I'm getting a new error which I've never gotten before when connecting from R to a GreenPlum PostgreSQL database using RODBC. I've gotten the error using both EMACS/ESS and RStudio, and the RODBC call has worked as is in the past.
library(RODBC)
gp <- odbcConnect("greenplum", believeNRows = FALSE)
data <- sqlQuery(gp, "select * from mytable")
> data
[1] "22P05 7 ERROR: character 0xc280 of encoding \"UTF8\" has no equivalent in "WIN1252\";\nError while executing the query"
[2] "[RODBC] ERROR: Could not SQLExecDirect 'select * from mytable'"
EDIT: Just tried querying another table and did get results. So I guess it's not an RODBC problem but a PostgreSQL table encoding problem.

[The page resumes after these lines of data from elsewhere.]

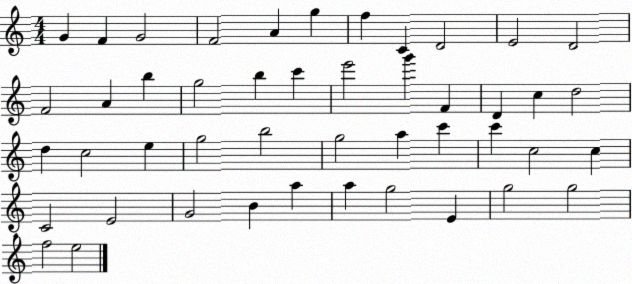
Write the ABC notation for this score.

X:1
T:Untitled
M:4/4
L:1/4
K:C
G F G2 F2 A g f C D2 E2 D2 F2 A b g2 b c' e'2 g' F D c d2 d c2 e g2 b2 g2 a c' c' c2 c C2 E2 G2 B a a g2 E g2 g2 f2 e2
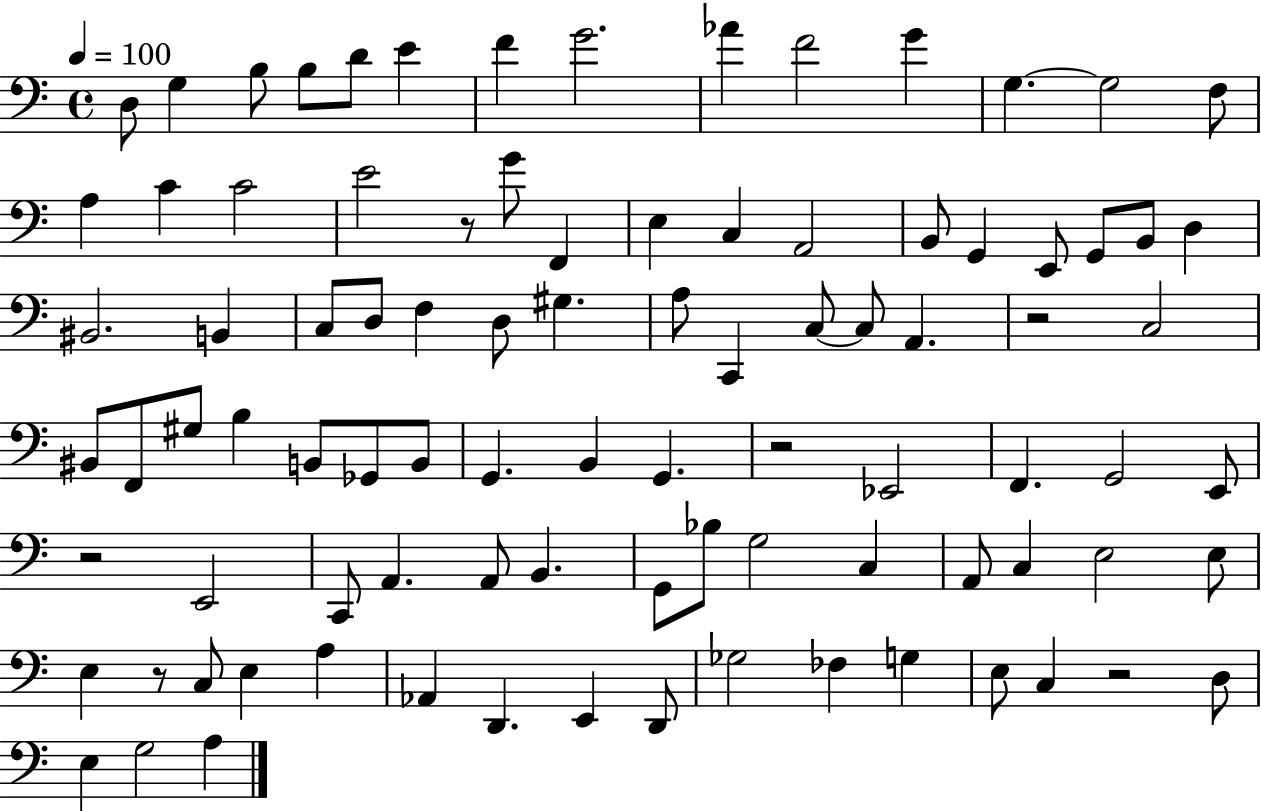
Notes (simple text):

D3/e G3/q B3/e B3/e D4/e E4/q F4/q G4/h. Ab4/q F4/h G4/q G3/q. G3/h F3/e A3/q C4/q C4/h E4/h R/e G4/e F2/q E3/q C3/q A2/h B2/e G2/q E2/e G2/e B2/e D3/q BIS2/h. B2/q C3/e D3/e F3/q D3/e G#3/q. A3/e C2/q C3/e C3/e A2/q. R/h C3/h BIS2/e F2/e G#3/e B3/q B2/e Gb2/e B2/e G2/q. B2/q G2/q. R/h Eb2/h F2/q. G2/h E2/e R/h E2/h C2/e A2/q. A2/e B2/q. G2/e Bb3/e G3/h C3/q A2/e C3/q E3/h E3/e E3/q R/e C3/e E3/q A3/q Ab2/q D2/q. E2/q D2/e Gb3/h FES3/q G3/q E3/e C3/q R/h D3/e E3/q G3/h A3/q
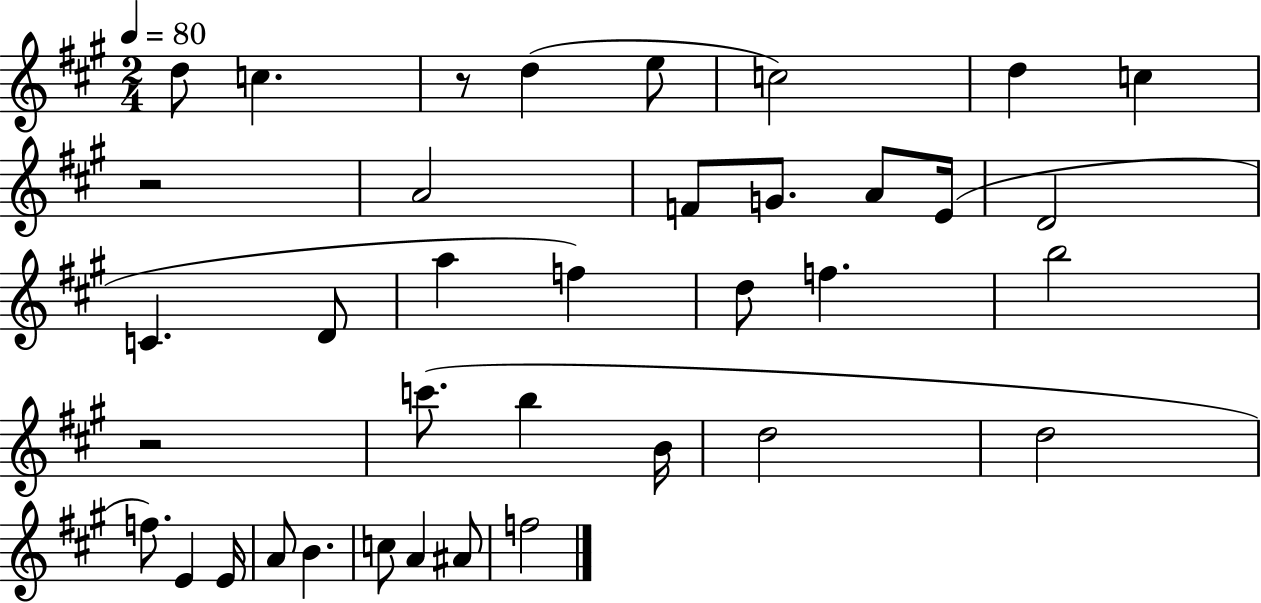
D5/e C5/q. R/e D5/q E5/e C5/h D5/q C5/q R/h A4/h F4/e G4/e. A4/e E4/s D4/h C4/q. D4/e A5/q F5/q D5/e F5/q. B5/h R/h C6/e. B5/q B4/s D5/h D5/h F5/e. E4/q E4/s A4/e B4/q. C5/e A4/q A#4/e F5/h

R version 2.13.0 (2011-04-13)
Platform: i386-pc-mingw32/i386 (32-bit)
locale:
[1] LC_COLLATE=English_United States.1252
[2] LC_CTYPE=English_United States.1252
[3] LC_MONETARY=English_United States.1252
[4] LC_NUMERIC=C
[5] LC_TIME=English_United States.1252
attached base packages:
[1] stats graphics grDevices utils datasets methods base
other attached packages:
[1] RODBC_1.3-2
>
First, the issue arises because R is trying to convert to a Windows locale that supports UTF8. Unfortunately, Brian Ripley has reported numerous times that Windows has no UTF8 locales. From hours spent searching the web, StackOverflow, Microsoft, etc., I have come to the conclusion that Microsoft hates UTF-8 Windows won't support UTF8.
As a result, I'm not sure that there's an easy solution to this, if there is any solution at all. The best I can recommend is to wrap some kind of conversion on the server side, look at filtering the data if you can, or try a different language, if appropriate (e.g. Chinese, Japanese, Korean).
If you do decide to wrap a converter, unicode.org recommends this ICU toolkit.